There was a yawning gap back to the rest, although Ollie Magern ran with credit for a long way under his big weight.

2007 William Hill Chase Review

Ferdy Murphy’s remarkable run with staying chasers at recent Festivals continued in thrilling fashion in the William Hill Trophy as formerly top class novice, JOES EDGE, returned to form with a bang in a dramatic finale to this valuable handicap.

The first three home were separated by less than a neck, with the winner coming from well off the pace to get his head in front on the line. Both the runner up and the third, Juveingeur and Distant Thunder, had looked the likely winner at different times on the run in, but neither could quite resist the powerful late surge of the winner.

Joe Edge’s return to form could probably best be explained by the drying ground, as decent underfoot conditions have always suited this horse and whilst he has been in the doldrums somewhat since his victory in the 2005 Scottish National, a lot of his runs since then have been on unfavourable going. He is also very much a spring horse.

Juveingeur is becoming something of a Cheltenham specialist in general and Festival specialist in particular. He won the Kim Muir in 2005 and was second in this race in 2006. Given that the margin of defeat was so small, his mistake at the last probably cost him dear. He is ultra consistent in these big races, but that may be his downfall as the handicapper is unlikely to relent.
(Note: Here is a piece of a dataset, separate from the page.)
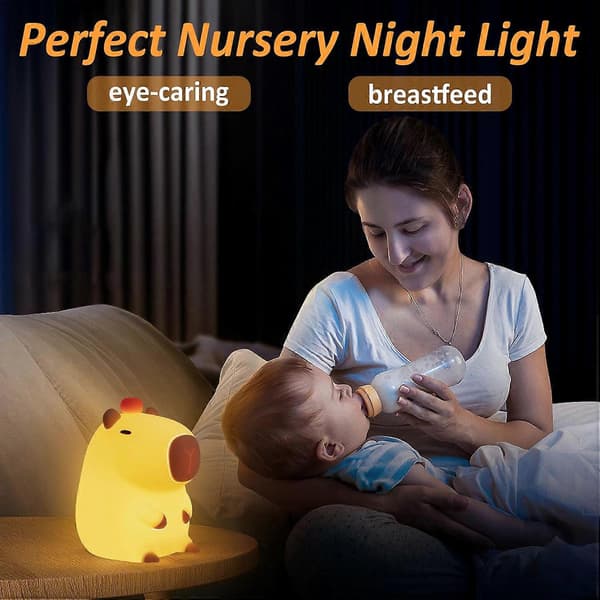 Capybara Nattlampe for Barn, Dimbar Oppladbar Silikonlampe med Timer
Distant Thunder looked to have stolen the race when kicking clear of the field after being left in front two out by the departure of Heltornic. However, he just couldn’t quite sustain his effort up the punishing Cheltenham hill, although he finished well clear of the fourth. The move to Noel Chance has clearly reinvigorated the horse and compensation surely awaits.
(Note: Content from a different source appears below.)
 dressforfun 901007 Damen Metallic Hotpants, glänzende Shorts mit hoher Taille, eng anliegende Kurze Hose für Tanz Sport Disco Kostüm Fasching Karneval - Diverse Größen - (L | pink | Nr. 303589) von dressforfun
Heltornic was the unlucky horse of the race as she was still travelling well when making a terrible hash of the notorious second last. She has been in such good form recently that it would be hard to say with any confidence that she wouldn’t have been able to hang on to her lead.

New Alco was a much more fancied stablemate of the winner, but could never get in a blow on ground that was probably quicker than he likes.
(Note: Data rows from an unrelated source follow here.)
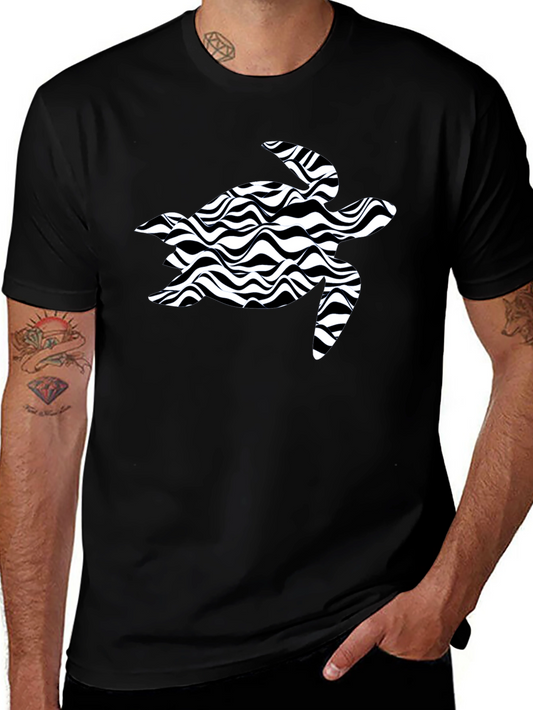 Black Turtle Wave Pattern T-Shirt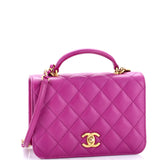 CC Top Handle Chain Full Flap Bag Quilted Caviar Small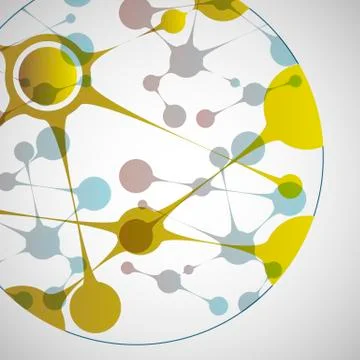 Vector biotechnology illustration. Science design molecule, formula, DNA 스톡 일러스트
Very sadly, another of the fancied runners, Little Brick fractured a shoulder when making a bad mistake at the final ditch. He was still very much in contention at the time.

2006 William Hill Chase Review

A typical renewal of this competitive handicap, with a fierce end to end gallop and a well strung out field by the end of the stamina sapping trip.

DUN DOIRE has had another incredible season by any standards, having gone up 50lbs since his first win of the year, and this was an amazing performance. His cause looked hopeless as the field turned to race downhill for the final time. He was over 20 lengths off the pace, with only a couple of horses behind him, and it appeared that his trainer’s concerns over the quickness of the ground were going to be realised.

However, he virtually sprouted wings after the home turn, and having passed thirteen rivals in the process, he flew up the hill to win going away.

The jockeys aboard Juveigneur (second) and Irish Hussar (third) must have thought they had the race between them after the last and they were surely horrified when the winner, with Ruby Walsh on board, left them for dead on the agonising run to the line. Both ran well, however, and Juveigneur, being lightly raced, could still be improving.

Given the fierce gallop throughout the contest, it probably did DUN DOIRE no harm to come from off pace, but very few other horses managed to make up ground from the back to get into a challenging position. Those out with the washing from an early stage included the well supported Moulin Riche (who was let down by his jumping) and Korelo (from the out of form Pipe yard). Both were pulled up.

Novices Model Son (fourth), Bob The Builder (fifth) and Alderburn (seventh) all ran well, although they were all also let down by their jumping to some degree or another. Model Son also looked as though he would be better suited by further.

Veterans Desailly and Seebald both plugged on gamely, and whilst neither ever really threatened to land a blow, they both suggested that they may still have a race or two in them.